= Problem to solve =
Nothing should appear in the answer except the lines below from the line containing "this 414×276 image." through the line containing "this 864×672 image.", copied exactly, with pictures left out.

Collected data
__________
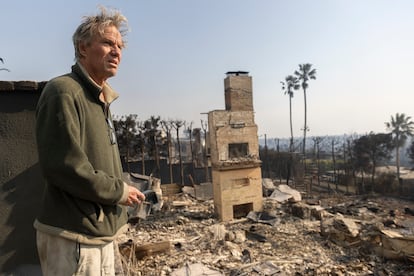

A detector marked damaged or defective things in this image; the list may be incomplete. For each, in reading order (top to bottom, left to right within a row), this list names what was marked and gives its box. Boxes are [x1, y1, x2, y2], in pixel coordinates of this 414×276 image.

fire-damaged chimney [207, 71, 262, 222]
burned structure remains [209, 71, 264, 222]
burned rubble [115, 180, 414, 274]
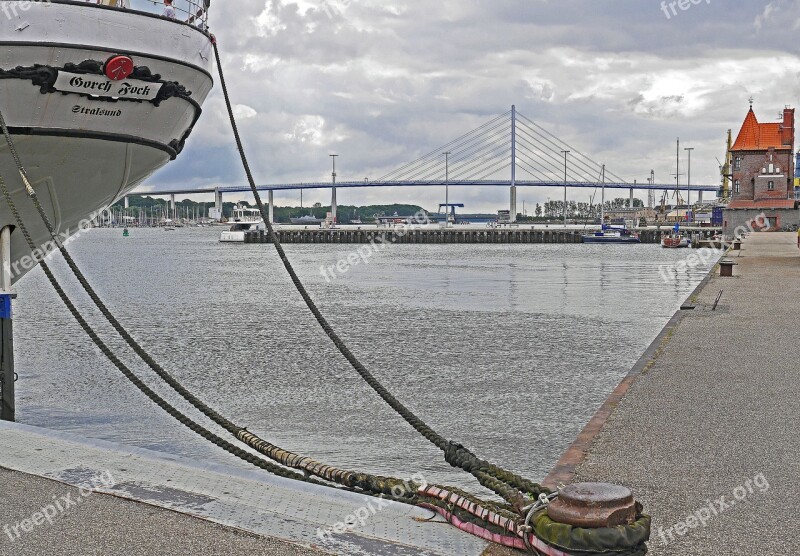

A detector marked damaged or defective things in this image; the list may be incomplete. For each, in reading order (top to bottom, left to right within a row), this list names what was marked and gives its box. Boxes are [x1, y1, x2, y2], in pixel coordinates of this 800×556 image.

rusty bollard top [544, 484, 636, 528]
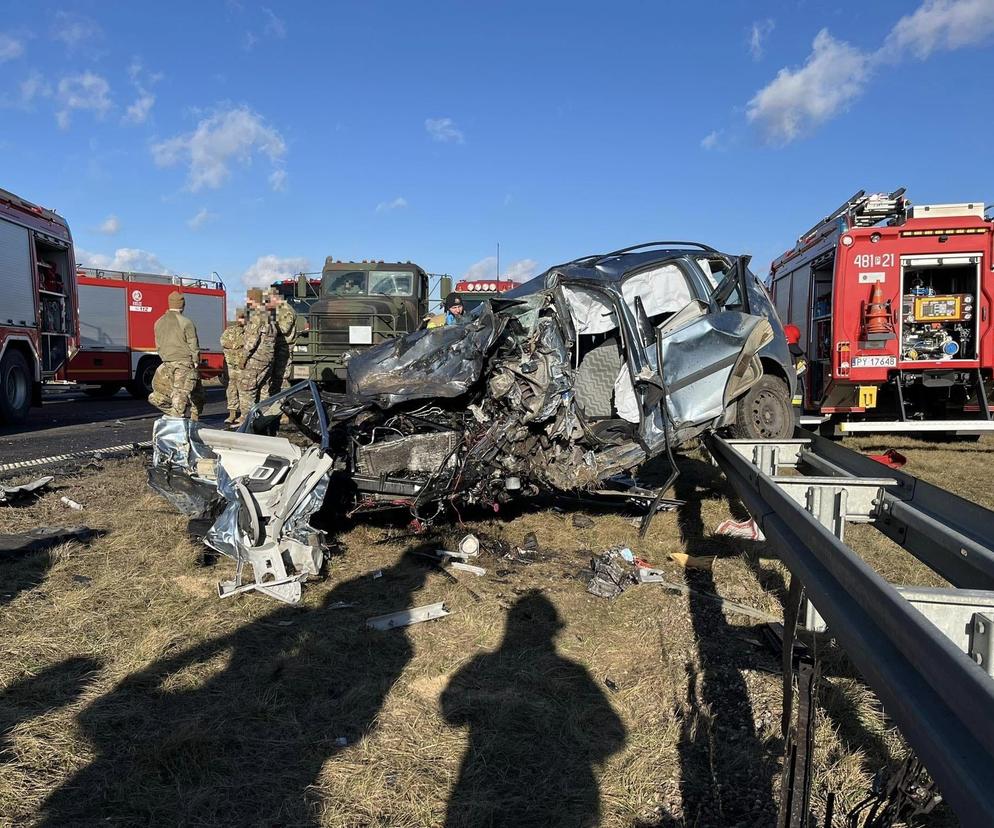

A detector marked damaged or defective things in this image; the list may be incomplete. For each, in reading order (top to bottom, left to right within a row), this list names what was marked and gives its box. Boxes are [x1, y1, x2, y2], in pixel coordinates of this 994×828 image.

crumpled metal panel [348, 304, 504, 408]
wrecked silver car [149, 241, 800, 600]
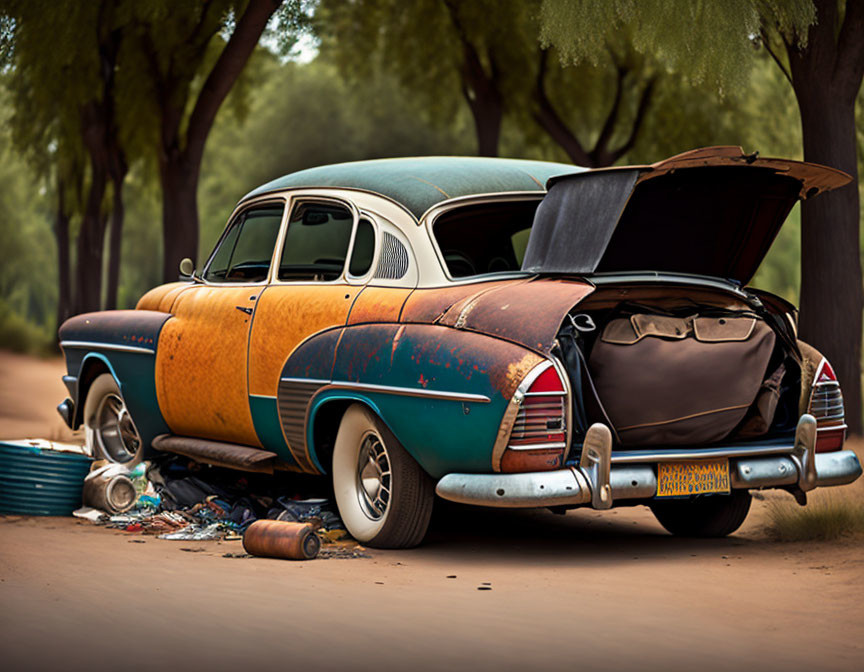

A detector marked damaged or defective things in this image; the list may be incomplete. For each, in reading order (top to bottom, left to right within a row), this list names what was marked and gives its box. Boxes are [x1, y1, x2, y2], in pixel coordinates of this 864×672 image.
__________
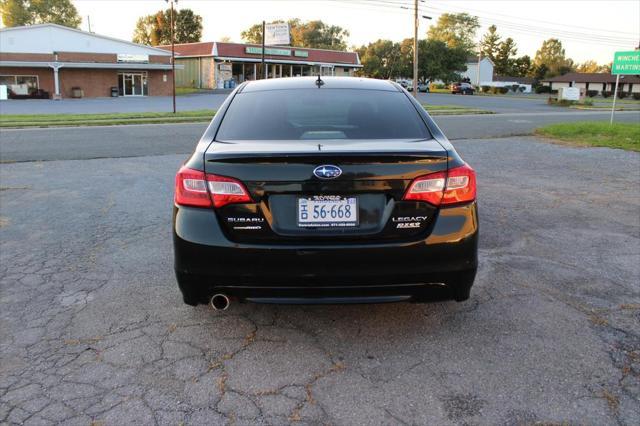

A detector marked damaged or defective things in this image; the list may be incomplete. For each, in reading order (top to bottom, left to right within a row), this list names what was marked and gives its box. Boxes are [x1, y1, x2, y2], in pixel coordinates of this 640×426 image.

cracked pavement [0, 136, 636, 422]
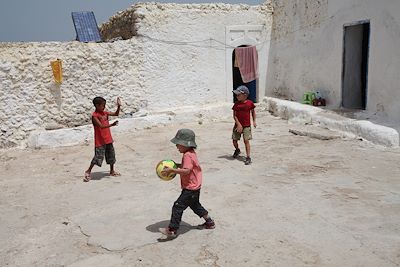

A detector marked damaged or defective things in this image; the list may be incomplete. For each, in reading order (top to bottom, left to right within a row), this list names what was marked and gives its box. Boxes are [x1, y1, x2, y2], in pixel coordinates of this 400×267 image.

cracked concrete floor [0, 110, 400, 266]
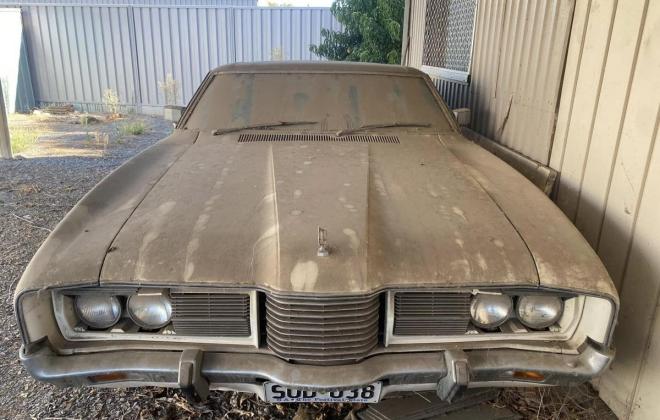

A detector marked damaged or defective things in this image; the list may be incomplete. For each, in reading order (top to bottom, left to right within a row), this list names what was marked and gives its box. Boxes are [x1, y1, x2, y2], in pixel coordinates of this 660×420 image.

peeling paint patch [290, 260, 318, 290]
__________
= Output below =
A detector marked damaged or defective things in this image; the list may be incomplete. For each, in reading order (top to bottom, left to right within a row), this list names what was marked and gives its box. Boxes are [x1, y1, x2, y2], in pixel coordinates of this 414×276 image.

fire-damaged chimney [207, 71, 262, 222]
burned structure remains [209, 71, 264, 222]
burned rubble [115, 180, 414, 274]

A detector marked damaged or defective things in this image; the list may be incomplete. For each, in reading order (top to bottom, left to right within a row), this list names what was marked and gives its box. Boxes are [x1, y1, x2, y2], in pixel coordinates of this 800×556 image.

rusty bollard top [544, 484, 636, 528]

A detector marked damaged or defective things in this image; the list may be incomplete. For each, in reading order (top to bottom, left to right within a row), this list names what was marked and gives its box. Boxes are [x1, y1, x2, y2], in pixel coordinates of this 994×828 image.

crumpled metal panel [348, 304, 504, 408]
wrecked silver car [149, 241, 800, 600]

A detector marked damaged or defective things in this image; the list may be incomplete. For each, in reading order (top to bottom, left to right within a row), this list names what was marked and gives its box. Boxes are [x1, y1, x2, y2], in pixel coordinates of this 864×672 image.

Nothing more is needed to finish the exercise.